Im Sommer Baustart für den ZOB

Von Heinz Sturm
Füssen Spätestens nach der Sommerpause, aber hoffentlich schon vorher, soll mit den Arbeiten am Zentralen Omnibusbahnhof in Füssen begonnen werden. Das teilte Bürgermeister Maximilian Eichstetter am Donnerstag bei einem Termin mit Ulrich Lange, dem parlamentarischen Staatssekretär im Bundesverkehrsministerium, dem Bundestagsabgeordneten Stephan Stracke und CSU-Landratskandidat Andreas Bauer mit. Weitere Themen waren der Schienenverkehr sowie die Abfahrtsverbote bei Stau auf der A7.

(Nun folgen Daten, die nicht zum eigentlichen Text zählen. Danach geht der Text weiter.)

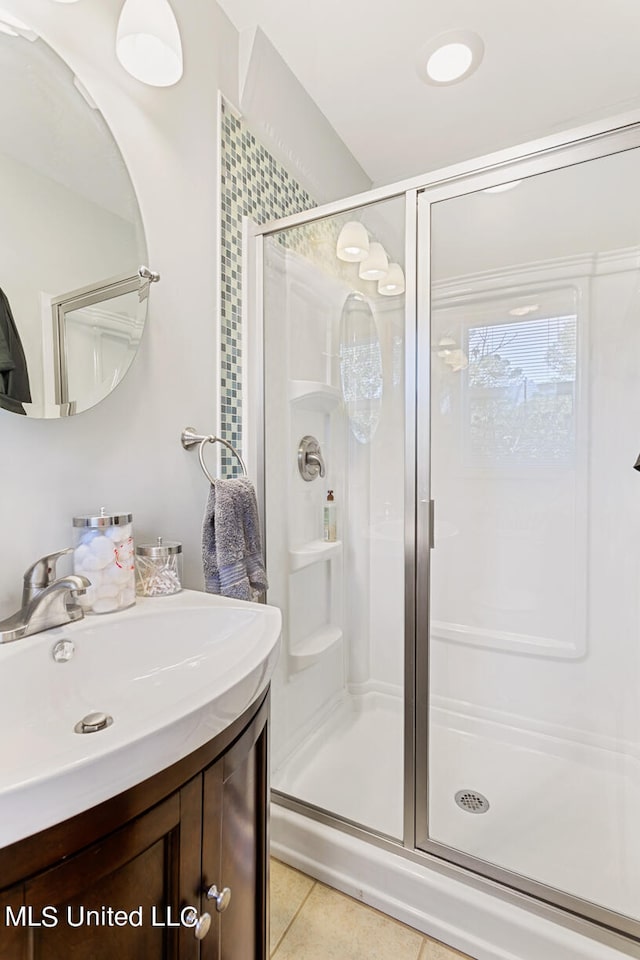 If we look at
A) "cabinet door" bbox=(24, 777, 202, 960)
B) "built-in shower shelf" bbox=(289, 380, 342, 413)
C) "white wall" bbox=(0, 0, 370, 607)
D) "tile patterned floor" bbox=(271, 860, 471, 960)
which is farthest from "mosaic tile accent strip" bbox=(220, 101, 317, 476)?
"tile patterned floor" bbox=(271, 860, 471, 960)

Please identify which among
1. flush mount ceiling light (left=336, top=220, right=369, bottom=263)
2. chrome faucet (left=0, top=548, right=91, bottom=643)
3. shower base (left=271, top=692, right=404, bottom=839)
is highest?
flush mount ceiling light (left=336, top=220, right=369, bottom=263)

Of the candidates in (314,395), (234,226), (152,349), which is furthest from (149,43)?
(314,395)

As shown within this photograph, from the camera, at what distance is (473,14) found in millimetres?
1377

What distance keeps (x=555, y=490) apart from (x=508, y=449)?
223 millimetres

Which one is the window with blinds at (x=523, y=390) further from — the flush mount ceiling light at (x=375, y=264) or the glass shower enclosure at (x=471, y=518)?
the flush mount ceiling light at (x=375, y=264)

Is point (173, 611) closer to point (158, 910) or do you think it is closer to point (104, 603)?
point (104, 603)

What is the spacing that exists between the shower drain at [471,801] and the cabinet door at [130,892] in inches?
44.0

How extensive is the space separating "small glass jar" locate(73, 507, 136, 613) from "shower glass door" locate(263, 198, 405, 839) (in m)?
0.70

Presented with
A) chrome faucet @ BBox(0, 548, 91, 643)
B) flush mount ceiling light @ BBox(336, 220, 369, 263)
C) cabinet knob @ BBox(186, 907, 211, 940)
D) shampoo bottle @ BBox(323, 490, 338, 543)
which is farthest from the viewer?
shampoo bottle @ BBox(323, 490, 338, 543)

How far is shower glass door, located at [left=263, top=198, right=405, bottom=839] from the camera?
5.02 ft

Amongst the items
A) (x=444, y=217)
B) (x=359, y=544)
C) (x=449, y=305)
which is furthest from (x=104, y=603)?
(x=449, y=305)

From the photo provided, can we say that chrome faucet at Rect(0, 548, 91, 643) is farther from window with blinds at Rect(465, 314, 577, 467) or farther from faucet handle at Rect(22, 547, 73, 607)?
window with blinds at Rect(465, 314, 577, 467)

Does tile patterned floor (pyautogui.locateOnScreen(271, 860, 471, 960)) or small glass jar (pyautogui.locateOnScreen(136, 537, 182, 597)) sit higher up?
small glass jar (pyautogui.locateOnScreen(136, 537, 182, 597))

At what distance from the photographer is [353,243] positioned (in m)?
1.57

Eine große, graue Fläche, die mit Schlaglöchern übersät ist und bei Regen einer Seenlandschaft ähnelt: Generationen von Füssenern kennen dieses Elend vor dem Bahnhof nichts anders. Nach gut 35 oder gar 40 Jahren will die Stadt jetzt den neuen ZOB errichten. In diesem Jahr soll der erste Bauabschnitt angepackt werden. Aktuell warte man noch auf den Förderbescheid, dann sollen die Arbeiten schnell ausgeschrieben werden, sagte Bürgermeister Eichstetter. Spätestens nach der Sommerpause soll es losgehen. Dieser Termin sei von den Füssenern seit Jahrzehnten herbeigesehnt worden, sagte Eichstetter. Um den ÖPNV zu stärken, seien auch Kommunen in Sachen Infrastruktur gefordert.

Staatssekretär Lange begrüßte dieses Schnittstellenprojekt zwischen Schiene und Bus-gebundenem ÖPNV. Der Bund habe durch die Aufstockung der Mittel für das Gemeindeverkehrsfinanzierungsgesetz (GVFG) die Finanzierungsmöglichkeiten für solche Projekte deutliche „verbessert“: Standen 2020 dafür 665 Millionen Euro zur Verfügung, sind es heuer bereits gut 2,2 Milliarden – davon fließen 400 Millionen Euro nach Bayern (weiterer Bericht folgt).